Why
are million-dollar information technology (IT) investment decisions based on
single-point green, yellow, and red visual indicators, which are poorly defined
and ineffective abstractions of the fundamental components of risk—probability
and impact? Decisions are founded on a weak understanding of the risk without
considering a range of possible outcomes for any choice of action.
I
offer three assumptions regarding risk that show why I believe we must improve
our assessment and communication of risk. These include:
• Risk is
fundamentally determined by the likelihood of an undesirable event, and the
impact of such an event.
• Risk in federal
IT programs is mostly presented in qualitative terms of colors—red (high),
yellow (medium) or green (low).
• Risk assessment
and management are important activities for successful project management.
A More Detailed Look
Risk
determination depends upon the type of threat, weakness or vulnerability.
However, framing risk based only on potential dangers does very little to
enable value-based investment judgments. In fact, using technical jargon to
present risk supports poor value judgments because there is no assessment of
the odds that something bad actually will happen. As a result, decision makers
often are left with only a binary choice of whether to commit resources. For
example, the IT professional might describe a cyber-security risk as an unauthorized
access breach that could expose employee records to compromise if stronger
access management controls are not put into place. In the best-case scenario,
the business leader is somewhat better informed and at worst has misleading
value information on which to base decisions. Properly framing risk in terms of
the probability and associated consequence magnitude allows evaluation of the
level of uncertainty. Communicating the same cyber risk as a 10 percent
probability that unauthorized access could result in an annual business cost of
$2 million enables the organization leaders to determine how much risk they are
willing to mitigate at the corresponding cost.
Risk
management seeks to define uncertainty as the probability of an event—and the
business effect, positive or negative, of such an event. In terms of program
and project management, risk is most often expressed for individual cost,
schedule and performance variables in relationship to delivering the end
product. Different disciplines such as research, engineering development, and
logistics may each have its own perspective on project risk. But managing
activity risk must not be confused with investment decisions that aggregate the
effect of all variables to permit best-value business case investment analysis.
Monte
Carlo simulation is an excellent quantitative method for determining the
likelihood of a potential loss within any of several designated intervals, over
a range of values. Standard Microsoft Excel is more than adequate for creating
simulation models and displaying possible scenario impact outcomes graphically
as familiar charts. In the simulation model, the SMEs provide their estimates
for the risk factors; specifically, providing the values for the upper and
lower bounds, with a 90 percent certainty.
The
probability and impact simulation results for this hypothetical project are
displayed in Figure 2, indicating that for 10,000 simulations there is a 90
percent likelihood that the annual cost will exceed about $46 million and a 10
percent probability that the annual cost will exceed about $50 million, with a
median (50 percent likelihood) expected annual cost of about $48 million.

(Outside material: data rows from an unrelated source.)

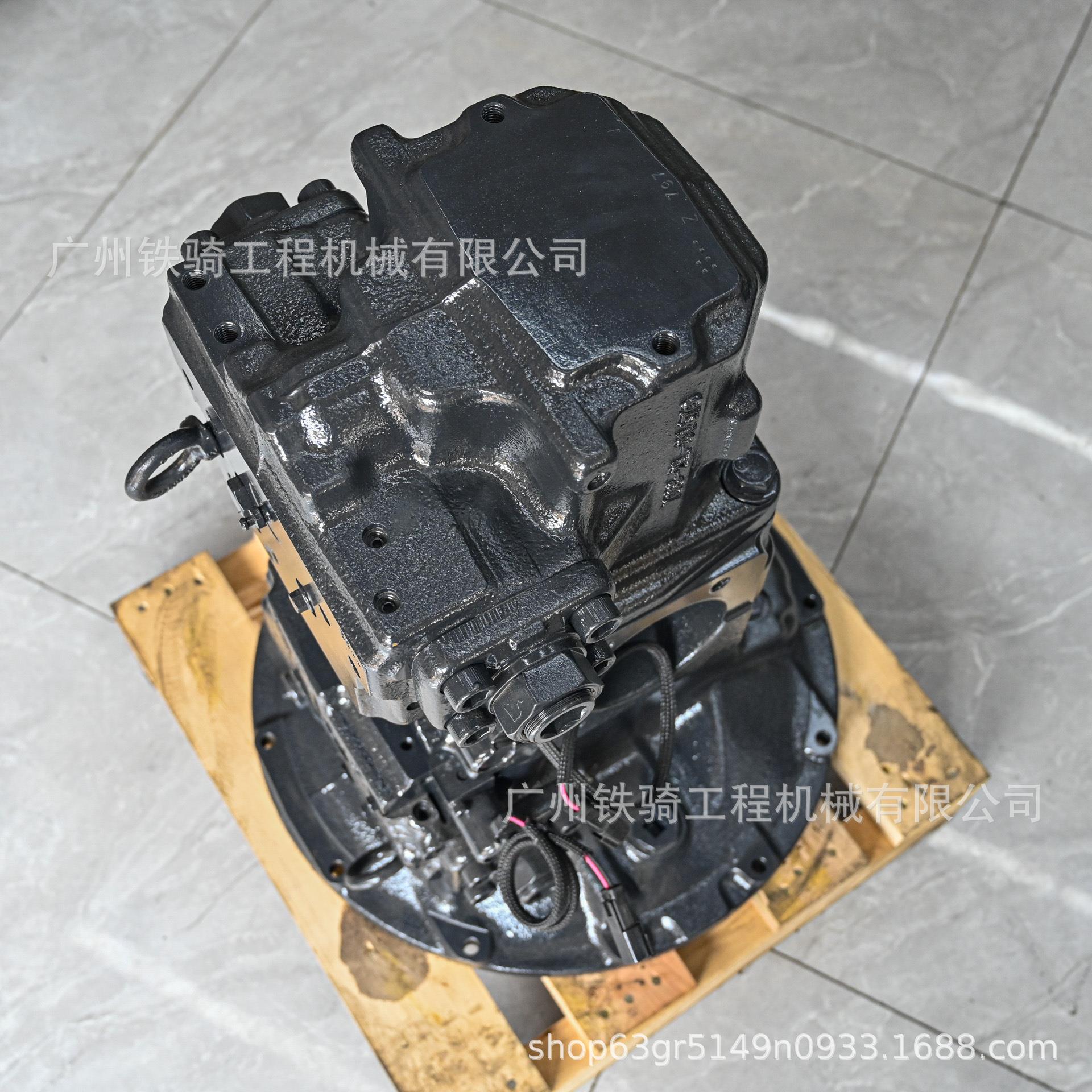 PC200 210 220 240 270-8液压泵总成 708-2L-00500 主泵原装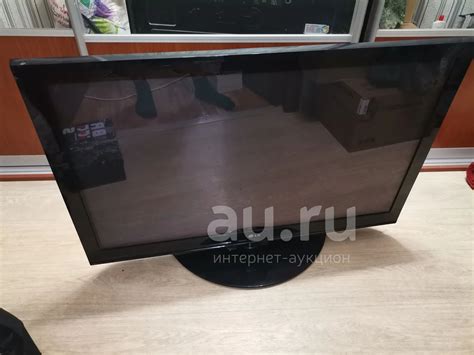 Телевизор LG 42 дюйма 42PQ200R (нет изображения) — купить в Красноярске ...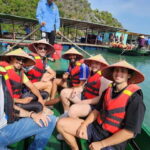 From Cat Ba: Lan Ha Bay Day Cruise with Kayaking and Lunch - Practical Details and Tips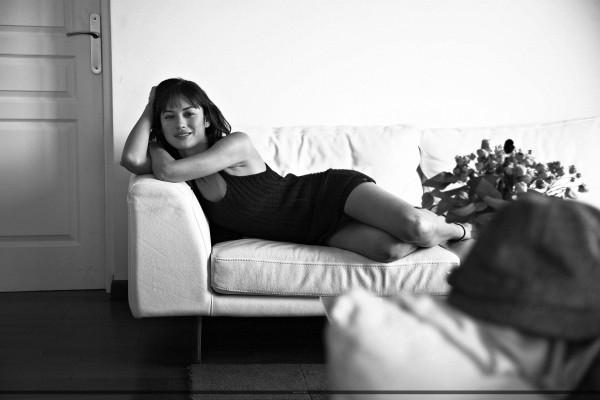 Olga Kurylenko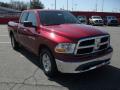2011 Ram 1500 SLT Quad Cab #5 2011 Ram 1500 SLT Quad Cab #5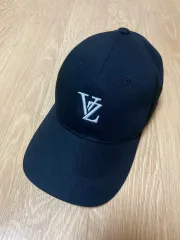 バザール ロゴ ベースボールキャップ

The
values between 90 percent and 10 percent represent an 80 percent confidence
interval, but any level of risk can be determined simply by examining the
exceedance probability curve.
When
communicating with business leaders, the same information could be presented as
in Figure 3. Because Excel calculates 10,000 simulations of this model in about
1 second, leaders could quickly receive answers to “what if” sensitivity
analysis questions that change the risk simulation variable values such as
labor and material costs, purchase versus lease, number of units produced or
purchased, workforce size and payment schedules. Creating an initial risk
simulation model from existing Monte Carlo modeling templates took about a
week, but subsequently building the model used in this example took only about
1 hour. The simulation model is clearly a significant improvement over ALE and
red-yellow-green risk communication. First, simulation considers thousands of
possible outcomes, not just the average outcome. Second, simulation assesses
the likelihood of each outcome. Third, risk analysis can then be communicated
as quantified values rather than hunches or guesses.

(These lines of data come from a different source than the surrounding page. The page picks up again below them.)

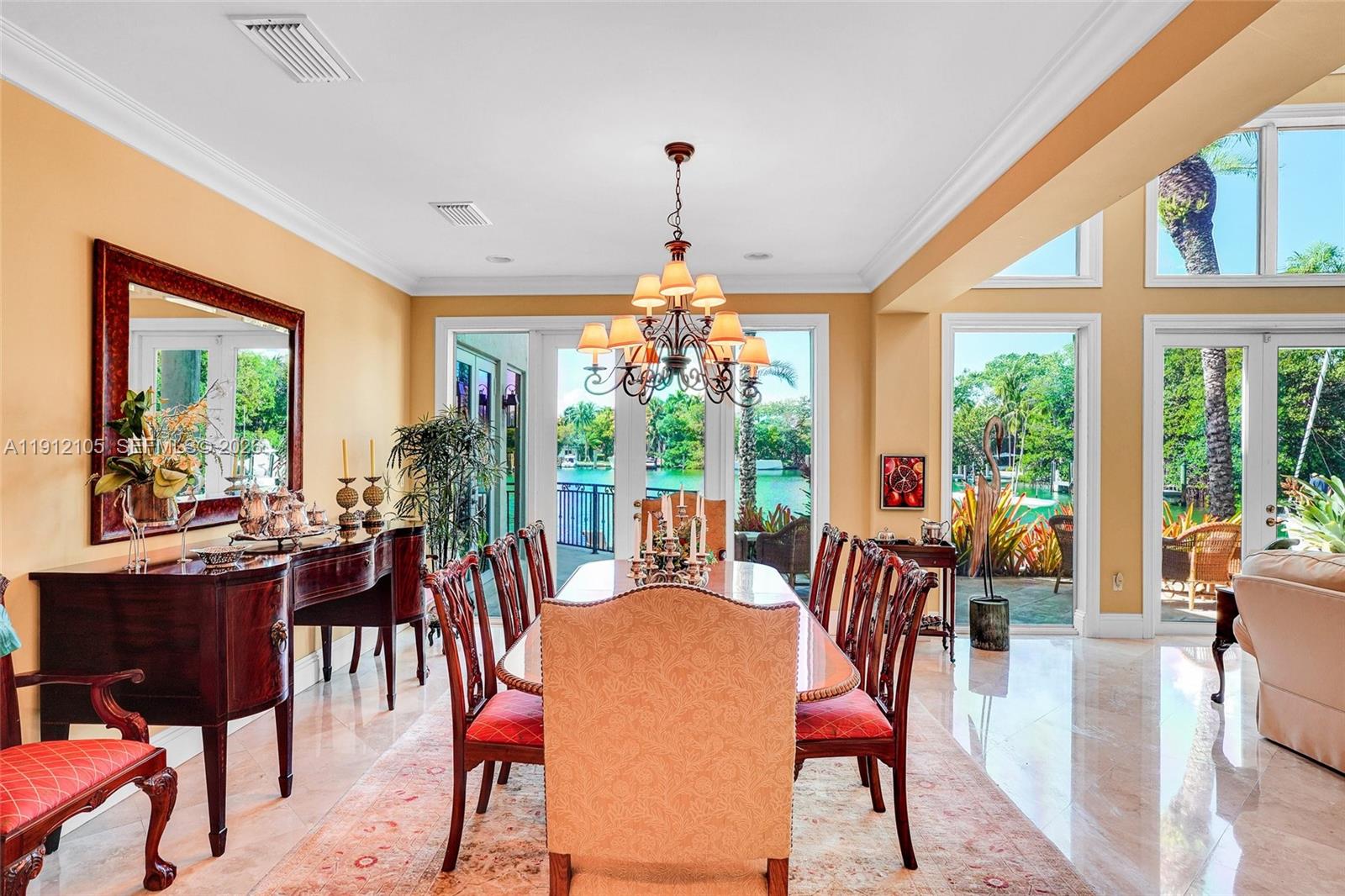HURRICANE COVE - Residential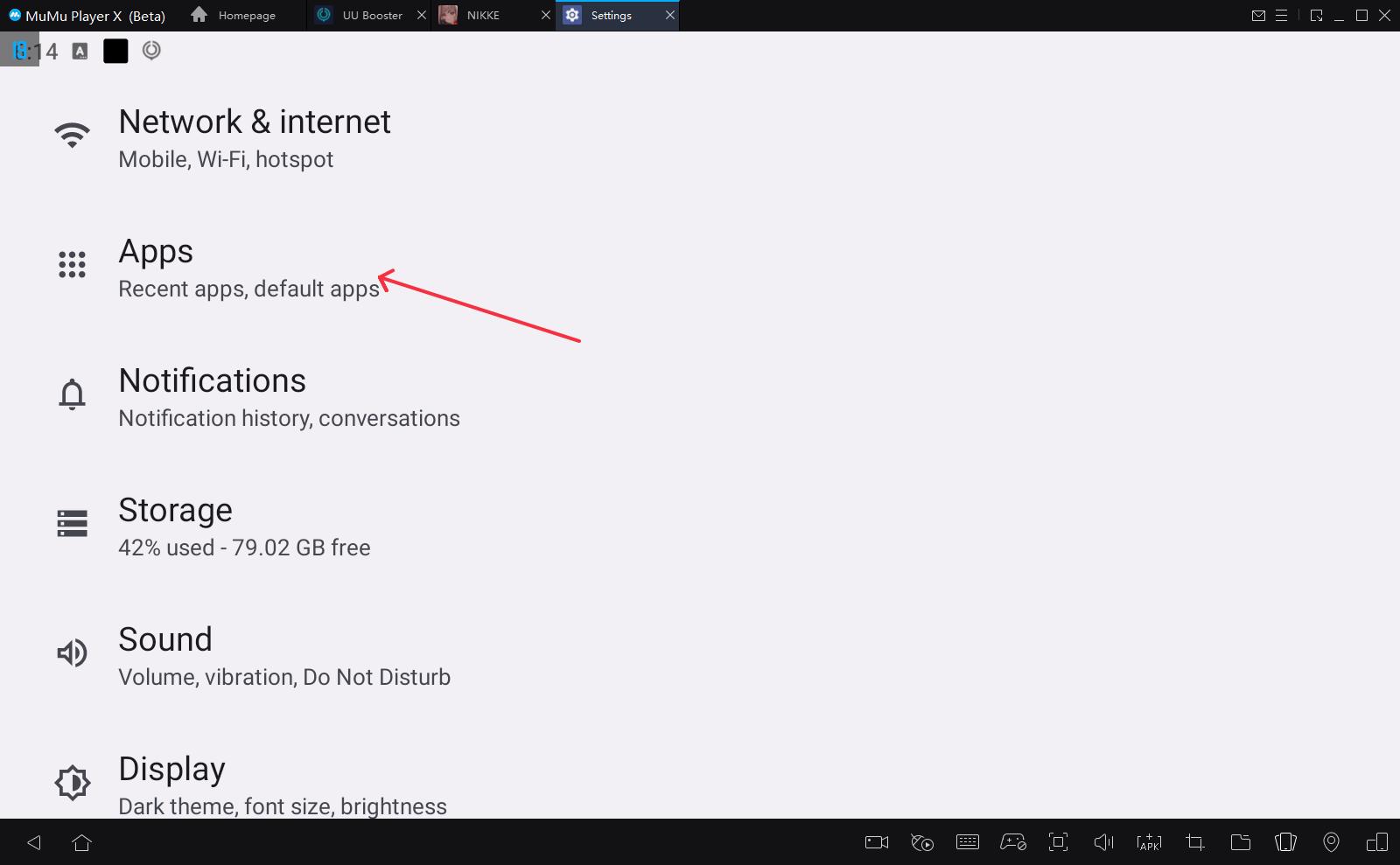 GODDESS OF VICTORY: NIKKE Guia de Reroll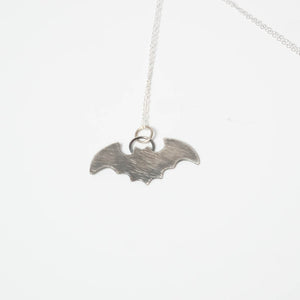 Bat Pendant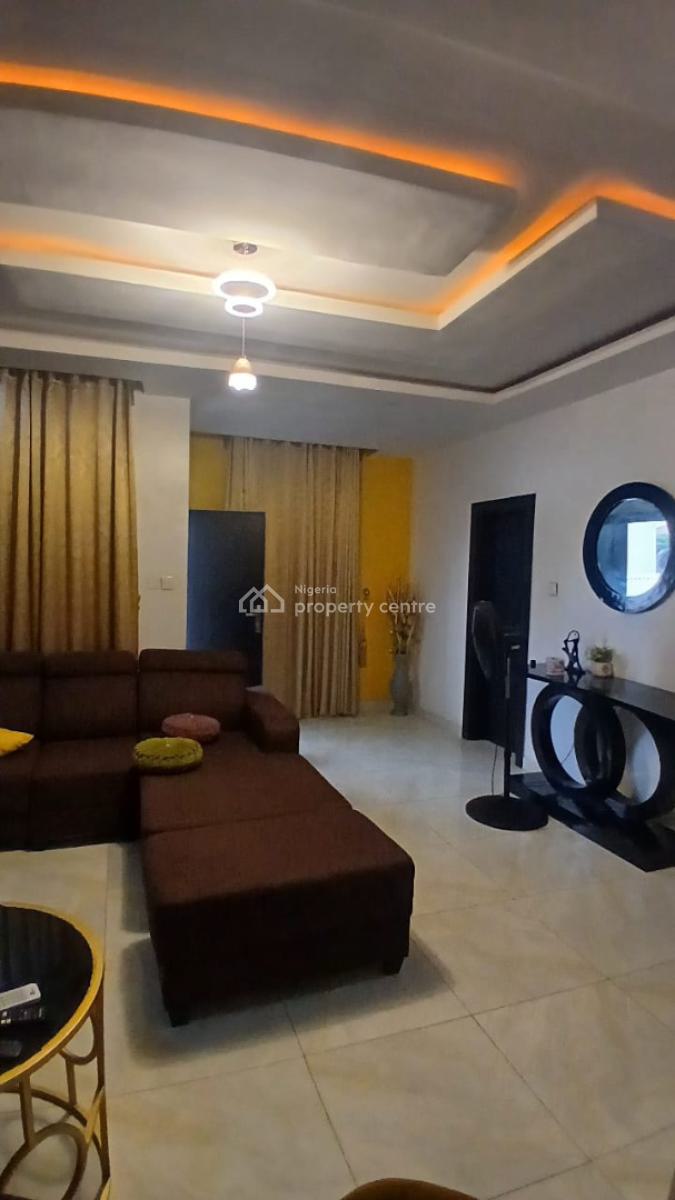 Luxury 4 Unit of 2 Bedroom & 2 Unit of Mini Flat Furnished Apartment, Off Admiralty Way, Lekki Phase 1, Lekki, Lagos, Flat / Apartment for Sale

Conclusions and Recommendations
Business
leaders facing uncertainty for significant investments in complex and expensive
IT projects require more than simple risk heat maps to inform their decisions.

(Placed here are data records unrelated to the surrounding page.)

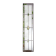 Product afbeelding voor Skantrae Accent Glas In Lood 15 Voor SKS 1240 78x201,5cm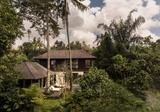 RIVERLINE VILLA WITH LOCAL STYLE - 3 BEDROOM - UBUD - Photo 5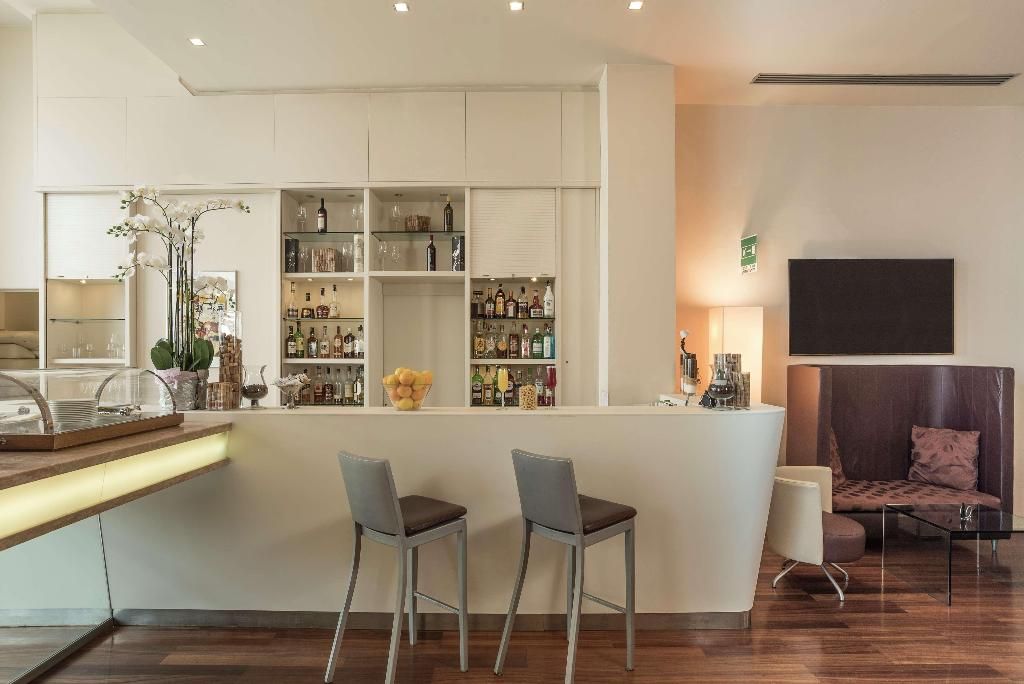 DoubleTree by Hilton Florence Metropole, foto 10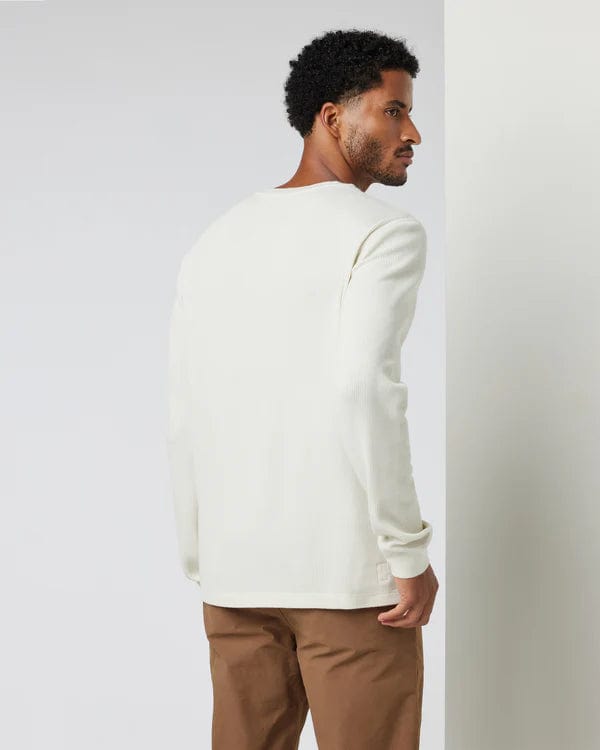 Load image into Gallery viewer, Vuori Waffle Henley - Men&#39;s Vuori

Accurate and meaningful communication of risk requires a quantitative
measurement of business impact. Risk simulation provides an inexpensive yet
effective method for reducing uncertainty, by quantifying probability and
impact for a possible future event, within a specified time period, over a
range of values, with a specified confidence level. Communicating risk as, “90
percent likelihood that the annual cost will exceed about $46 million with a
median (50 percent likelihood) annual cost of about $48 million” is far more
useful to making a better-informed business decision than simply stating that
increased project cost is “Very Low, Low, Moderate, High, or Very High.”
To
begin transitioning from risk matrix to risk simulation for investment
circumstances I recommend the following:
• Schedule FY 2018
and FY 2019 for discussion, publishing guidance and creating training
opportunities. Then, beginning in FY 2020, provide that Monte Carlo risk
simulation become mandatory for all IT investment decisions exceeding $1
million.
• Establish a
library of basic simulation models and tutorials to facilitate rapid
development for a variety of applications.